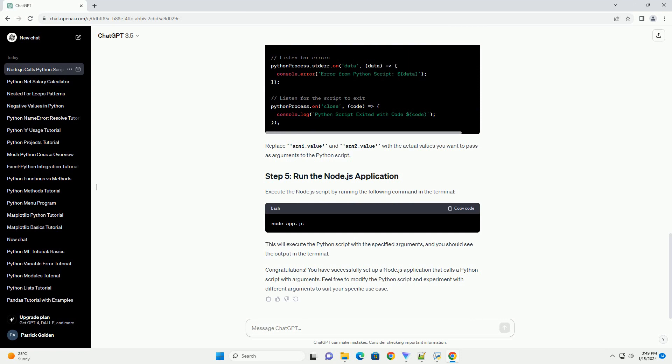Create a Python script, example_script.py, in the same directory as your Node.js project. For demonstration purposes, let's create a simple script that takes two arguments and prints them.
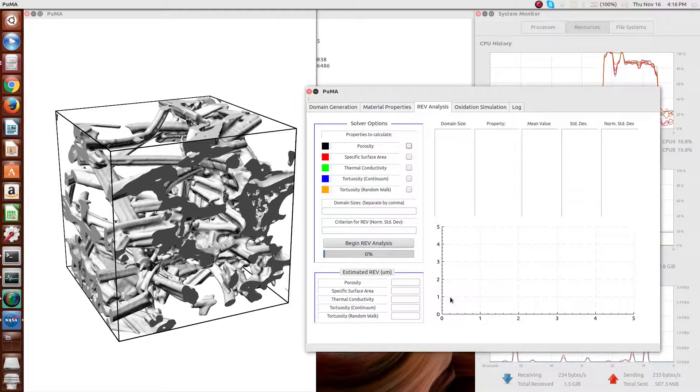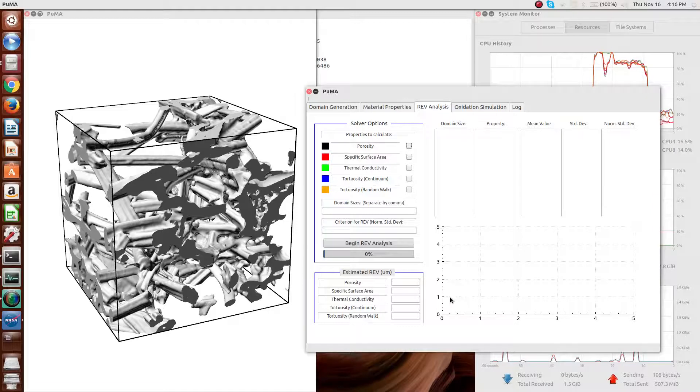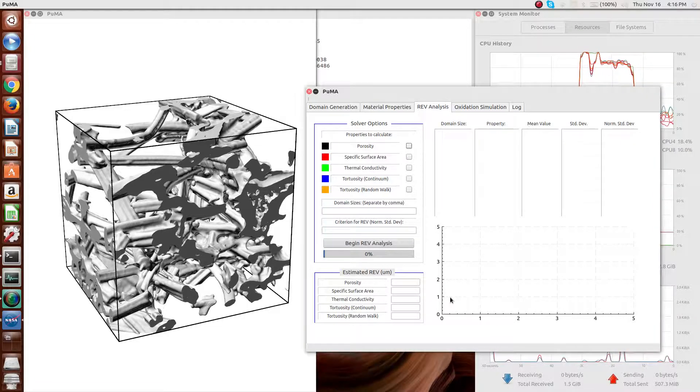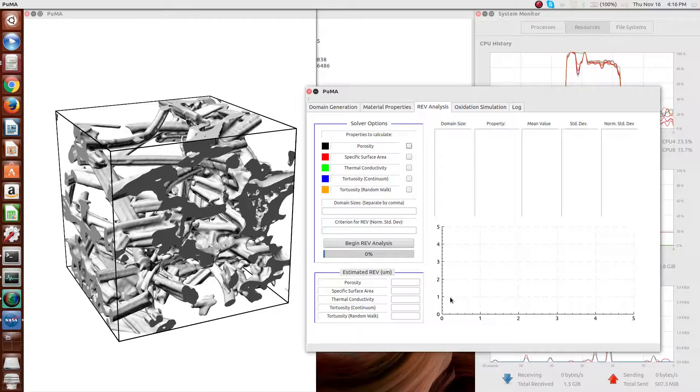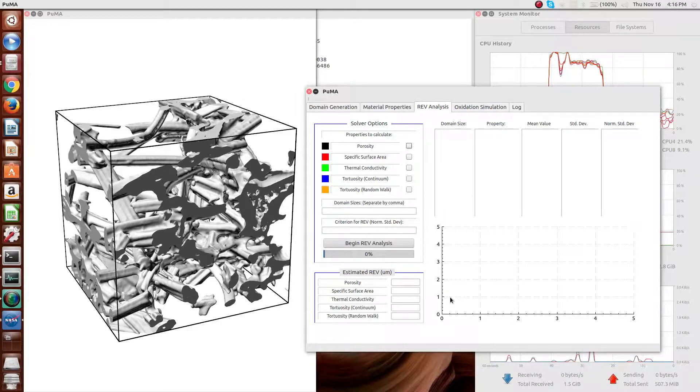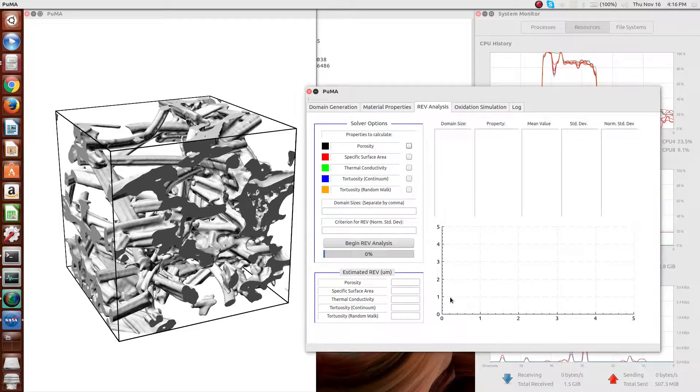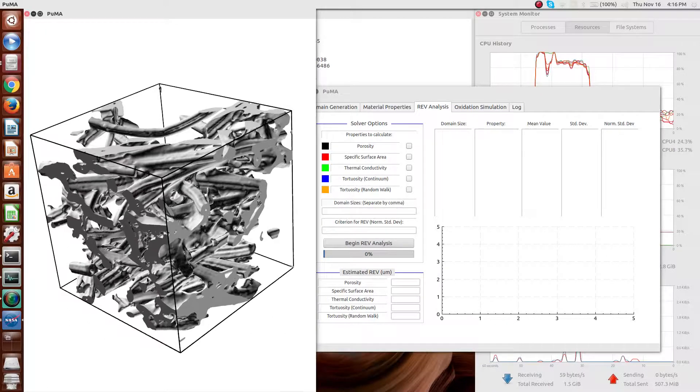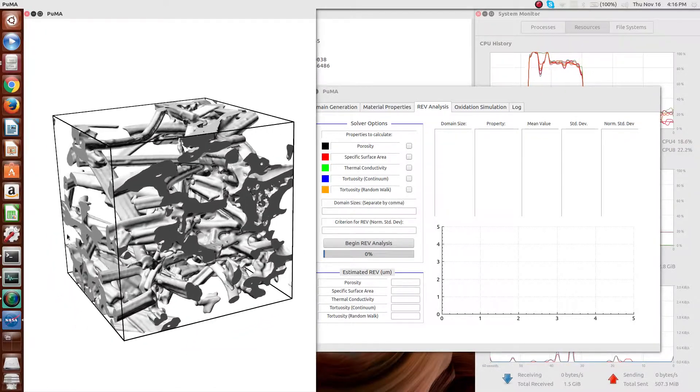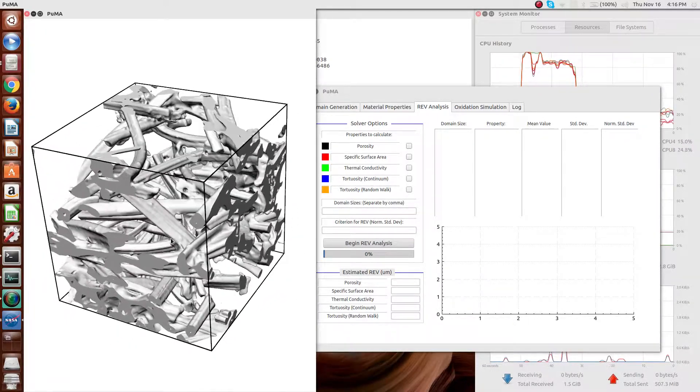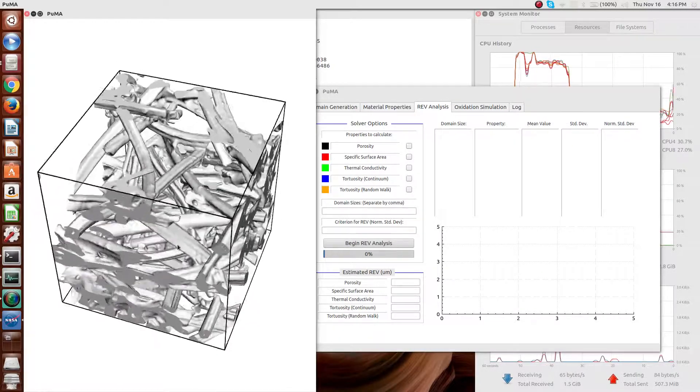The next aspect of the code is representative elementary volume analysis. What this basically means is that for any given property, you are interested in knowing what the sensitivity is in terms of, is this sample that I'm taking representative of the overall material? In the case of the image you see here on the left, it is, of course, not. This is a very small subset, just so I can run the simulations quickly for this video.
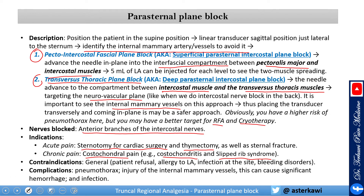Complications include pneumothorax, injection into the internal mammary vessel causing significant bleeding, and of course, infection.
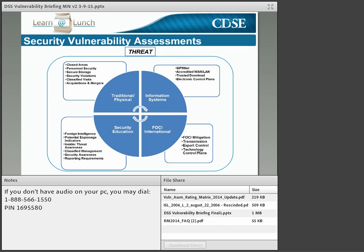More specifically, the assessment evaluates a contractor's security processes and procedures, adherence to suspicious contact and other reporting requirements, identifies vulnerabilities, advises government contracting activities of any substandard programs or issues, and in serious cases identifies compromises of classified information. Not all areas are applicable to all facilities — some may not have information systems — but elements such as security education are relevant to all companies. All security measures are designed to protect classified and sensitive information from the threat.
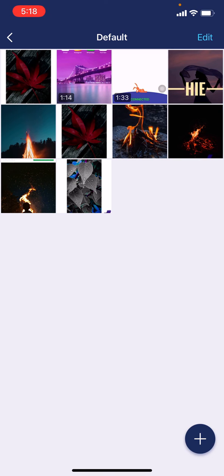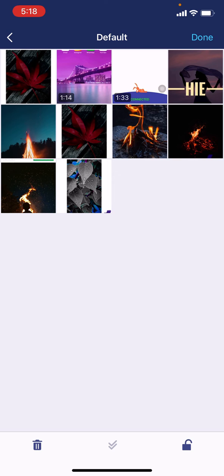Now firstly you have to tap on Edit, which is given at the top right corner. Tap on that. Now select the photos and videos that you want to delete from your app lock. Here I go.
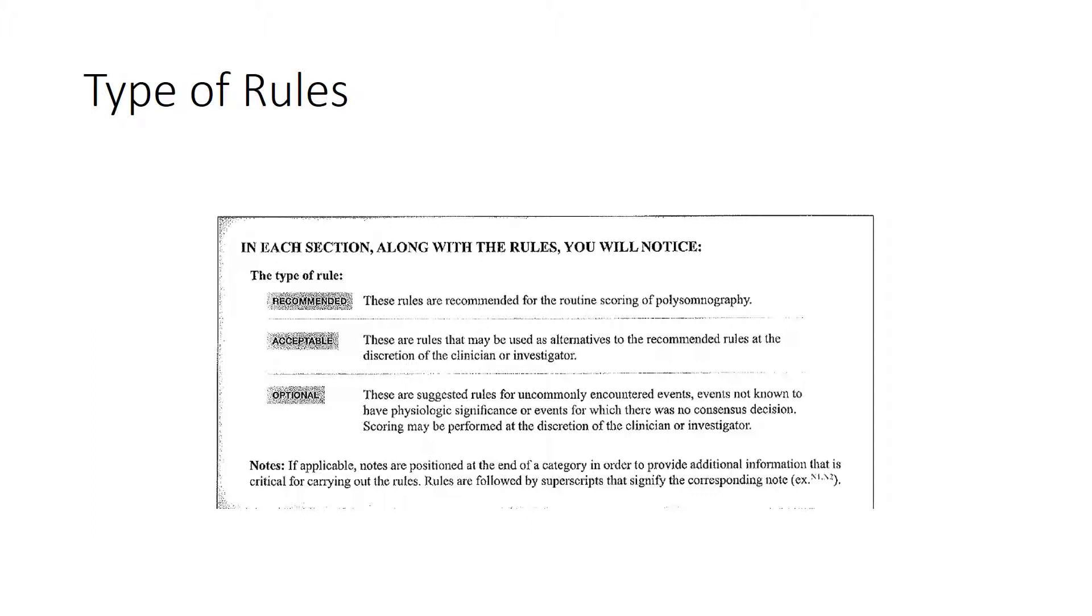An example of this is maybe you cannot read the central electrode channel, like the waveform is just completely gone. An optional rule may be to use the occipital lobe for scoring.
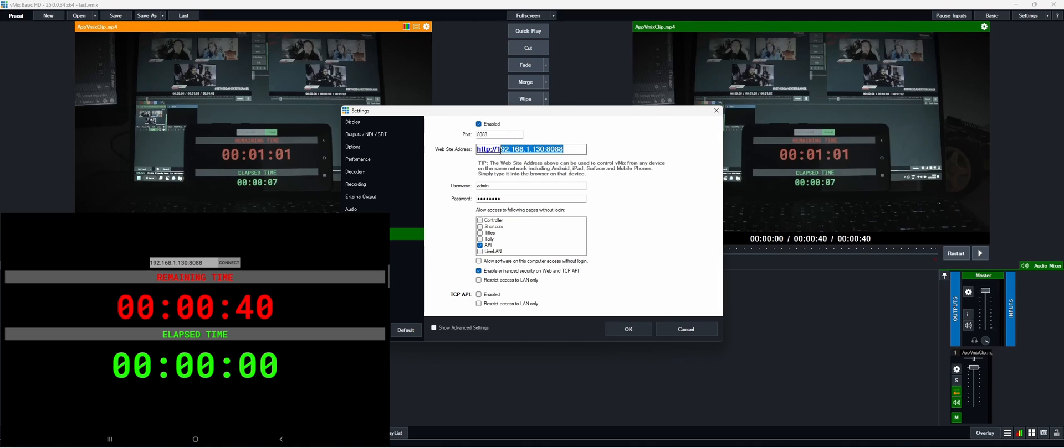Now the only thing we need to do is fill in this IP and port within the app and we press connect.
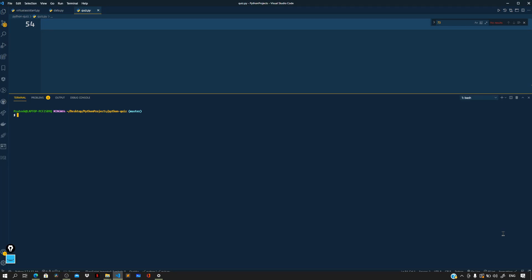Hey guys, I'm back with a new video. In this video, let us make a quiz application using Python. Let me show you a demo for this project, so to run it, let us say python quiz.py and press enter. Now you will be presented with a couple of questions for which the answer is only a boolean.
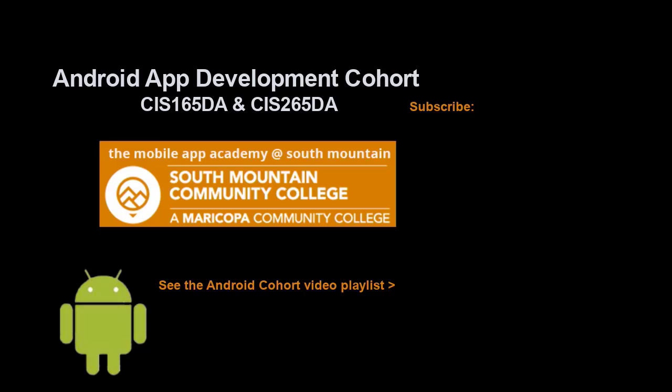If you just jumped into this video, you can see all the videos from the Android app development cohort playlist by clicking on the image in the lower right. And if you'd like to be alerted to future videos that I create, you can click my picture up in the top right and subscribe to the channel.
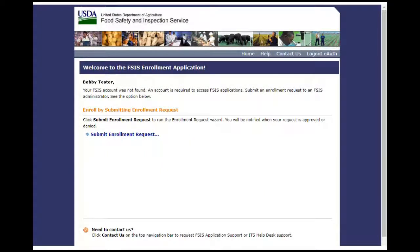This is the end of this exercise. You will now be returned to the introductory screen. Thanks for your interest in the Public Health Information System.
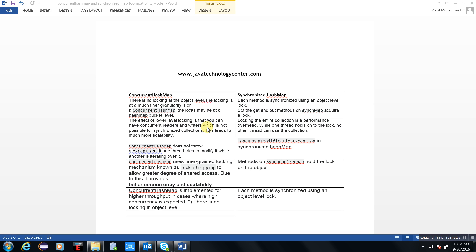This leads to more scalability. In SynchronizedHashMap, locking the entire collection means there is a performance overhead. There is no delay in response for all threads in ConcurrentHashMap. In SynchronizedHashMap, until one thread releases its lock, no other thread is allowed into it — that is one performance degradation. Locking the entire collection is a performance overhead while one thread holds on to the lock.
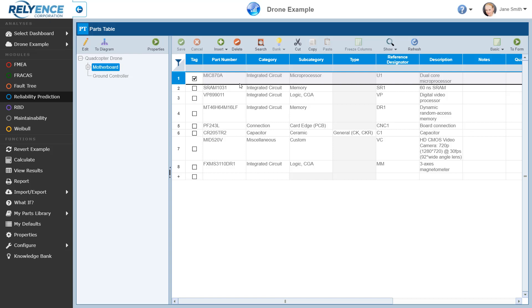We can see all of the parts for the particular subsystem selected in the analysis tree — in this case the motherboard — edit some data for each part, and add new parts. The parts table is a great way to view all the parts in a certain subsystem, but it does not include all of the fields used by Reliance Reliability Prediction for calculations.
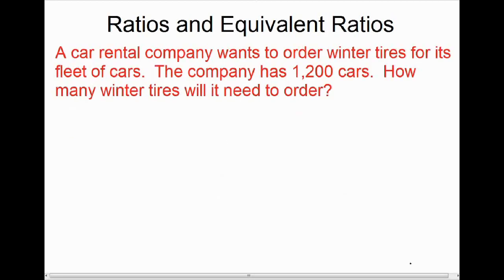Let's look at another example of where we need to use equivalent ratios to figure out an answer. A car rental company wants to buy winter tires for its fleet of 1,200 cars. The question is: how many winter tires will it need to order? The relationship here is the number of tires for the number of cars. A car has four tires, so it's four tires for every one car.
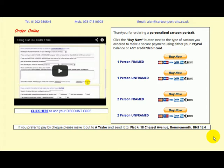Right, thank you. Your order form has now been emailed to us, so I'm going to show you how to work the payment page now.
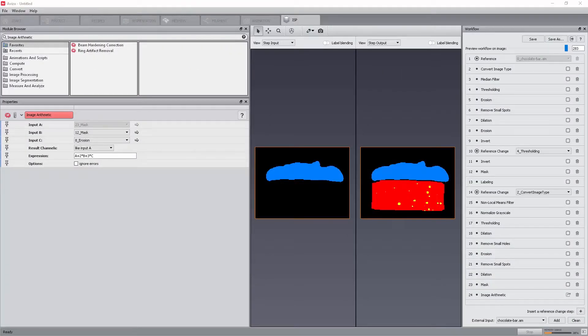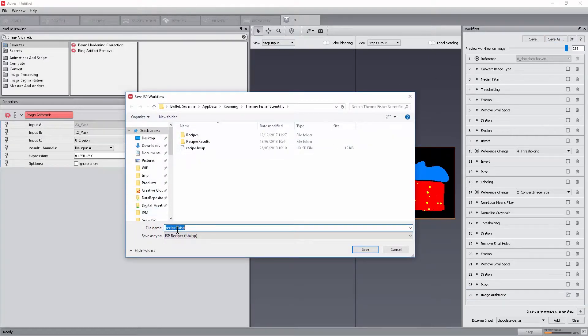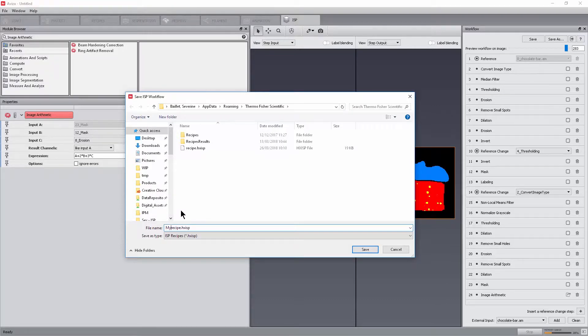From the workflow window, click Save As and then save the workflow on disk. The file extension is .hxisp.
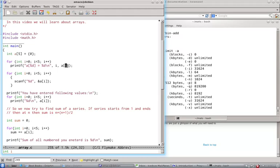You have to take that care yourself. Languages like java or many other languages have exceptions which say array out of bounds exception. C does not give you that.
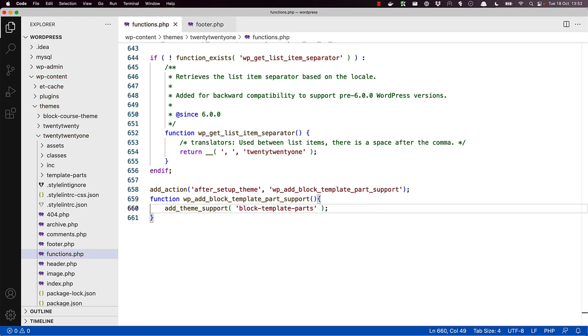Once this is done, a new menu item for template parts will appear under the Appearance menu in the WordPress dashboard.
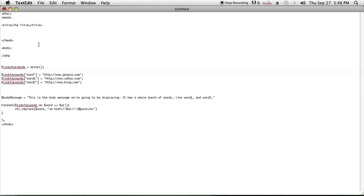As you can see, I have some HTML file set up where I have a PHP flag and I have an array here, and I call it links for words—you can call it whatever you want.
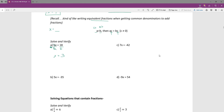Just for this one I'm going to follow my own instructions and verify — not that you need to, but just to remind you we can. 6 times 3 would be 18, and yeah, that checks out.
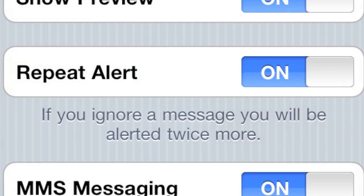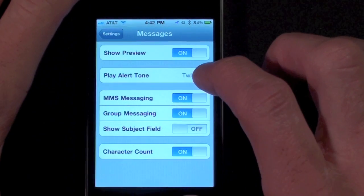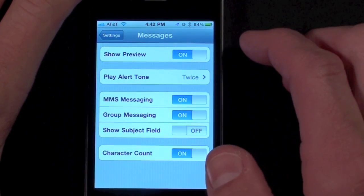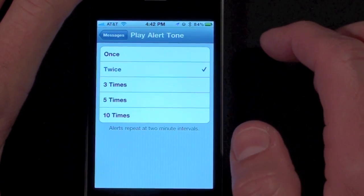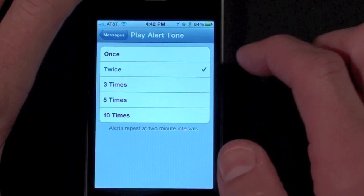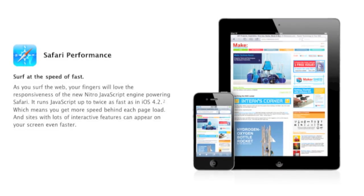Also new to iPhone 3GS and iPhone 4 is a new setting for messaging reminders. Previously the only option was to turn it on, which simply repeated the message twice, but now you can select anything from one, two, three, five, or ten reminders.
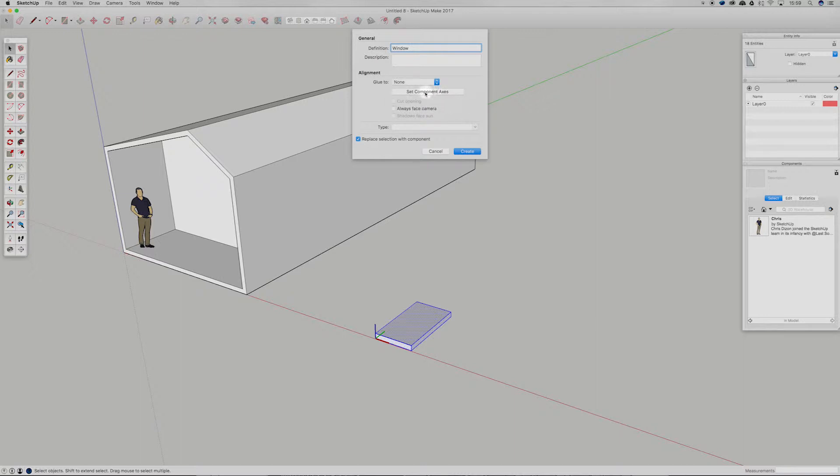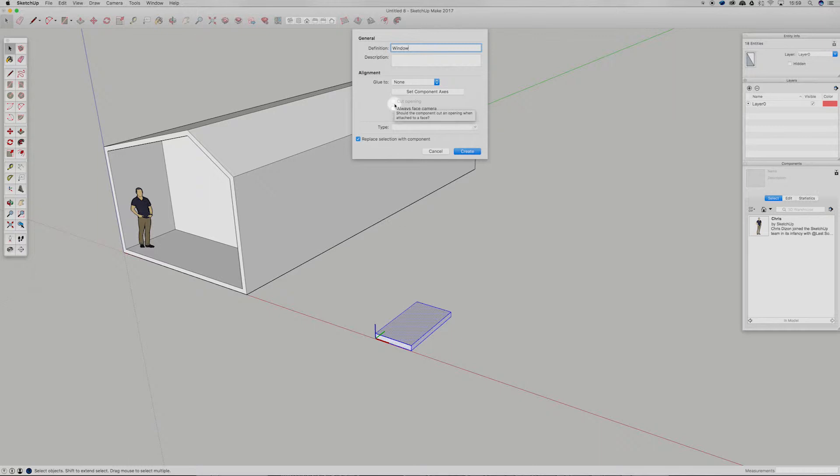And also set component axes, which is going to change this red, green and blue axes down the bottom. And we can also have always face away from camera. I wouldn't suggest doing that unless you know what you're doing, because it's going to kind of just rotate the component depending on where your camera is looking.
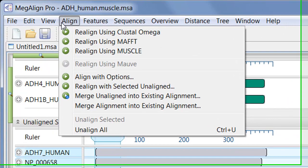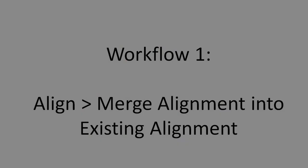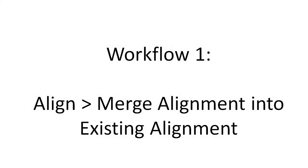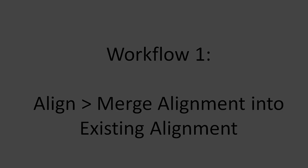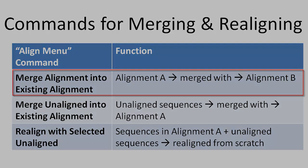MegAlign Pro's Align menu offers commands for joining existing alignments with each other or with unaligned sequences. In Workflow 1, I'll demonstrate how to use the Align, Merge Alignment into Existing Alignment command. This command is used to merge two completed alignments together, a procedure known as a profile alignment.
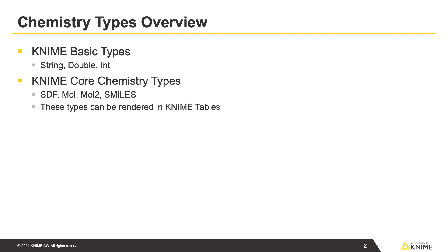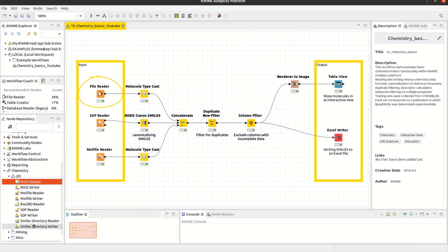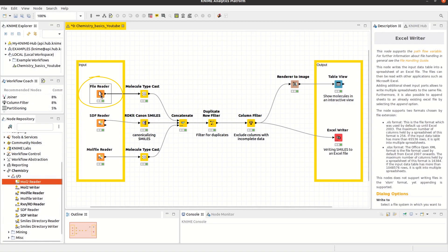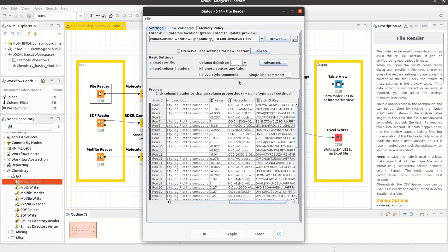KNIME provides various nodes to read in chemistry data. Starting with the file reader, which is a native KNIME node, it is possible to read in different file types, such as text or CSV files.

-*-*-

> [Problem to solve] All of the material must be given again exactly, though no picture may appear in the copy.

> [Exercise answer]
Create a Python script, example_script.py, in the same directory as your Node.js project. For demonstration purposes, let's create a simple script that takes two arguments and prints them.
The next aspect of the code is representative elementary volume analysis. What this basically means is that for any given property, you are interested in knowing what the sensitivity is in terms of, is this sample that I'm taking representative of the overall material? In the case of the image you see here on the left, it is, of course, not. This is a very small subset, just so I can run the simulations quickly for this video.
Complications include pneumothorax, injection into the internal mammary vessel causing significant bleeding, and of course, infection.
More specifically, the assessment evaluates a contractor's security processes and procedures, adherence to suspicious contact and other reporting requirements, identifies vulnerabilities, advises government contracting activities of any substandard programs or issues, and in serious cases identifies compromises of classified information. Not all areas are applicable to all facilities — some may not have information systems — but elements such as security education are relevant to all companies. All security measures are designed to protect classified and sensitive information from the threat.
Now firstly you have to tap on Edit, which is given at the top right corner. Tap on that. Now select the photos and videos that you want to delete from your app lock. Here I go.
An example of this is maybe you cannot read the central electrode channel, like the waveform is just completely gone. An optional rule may be to use the occipital lobe for scoring.
Now the only thing we need to do is fill in this IP and port within the app and we press connect.
Hey guys, I'm back with a new video. In this video, let us make a quiz application using Python. Let me show you a demo for this project, so to run it, let us say python quiz.py and press enter. Now you will be presented with a couple of questions for which the answer is only a boolean.
If you just jumped into this video, you can see all the videos from the Android app development cohort playlist by clicking on the image in the lower right. And if you'd like to be alerted to future videos that I create, you can click my picture up in the top right and subscribe to the channel.
This is the end of this exercise. You will now be returned to the introductory screen. Thanks for your interest in the Public Health Information System.
This leads to more scalability. In SynchronizedHashMap, locking the entire collection means there is a performance overhead. There is no delay in response for all threads in ConcurrentHashMap. In SynchronizedHashMap, until one thread releases its lock, no other thread is allowed into it — that is one performance degradation. Locking the entire collection is a performance overhead while one thread holds on to the lock.
We can see all of the parts for the particular subsystem selected in the analysis tree — in this case the motherboard — edit some data for each part, and add new parts. The parts table is a great way to view all the parts in a certain subsystem, but it does not include all of the fields used by Reliance Reliability Prediction for calculations.
Let's look at another example of where we need to use equivalent ratios to figure out an answer. A car rental company wants to buy winter tires for its fleet of 1,200 cars. The question is: how many winter tires will it need to order? The relationship here is the number of tires for the number of cars. A car has four tires, so it's four tires for every one car.
Right, thank you. Your order form has now been emailed to us, so I'm going to show you how to work the payment page now.
From the workflow window, click Save As and then save the workflow on disk. The file extension is .hxisp.
You have to take that care yourself. Languages like java or many other languages have exceptions which say array out of bounds exception. C does not give you that.
Once this is done, a new menu item for template parts will appear under the Appearance menu in the WordPress dashboard.
As you can see, I have some HTML file set up where I have a PHP flag and I have an array here, and I call it links for words—you can call it whatever you want.
Just for this one I'm going to follow my own instructions and verify — not that you need to, but just to remind you we can. 6 times 3 would be 18, and yeah, that checks out.
Also new to iPhone 3GS and iPhone 4 is a new setting for messaging reminders. Previously the only option was to turn it on, which simply repeated the message twice, but now you can select anything from one, two, three, five, or ten reminders.
And also set component axes, which is going to change this red, green and blue axes down the bottom. And we can also have always face away from camera. I wouldn't suggest doing that unless you know what you're doing, because it's going to kind of just rotate the component depending on where your camera is looking.
MegAlign Pro's Align menu offers commands for joining existing alignments with each other or with unaligned sequences. In Workflow 1, I'll demonstrate how to use the Align, Merge Alignment into Existing Alignment command. This command is used to merge two completed alignments together, a procedure known as a profile alignment.
KNIME provides various nodes to read in chemistry data. Starting with the file reader, which is a native KNIME node, it is possible to read in different file types, such as text or CSV files.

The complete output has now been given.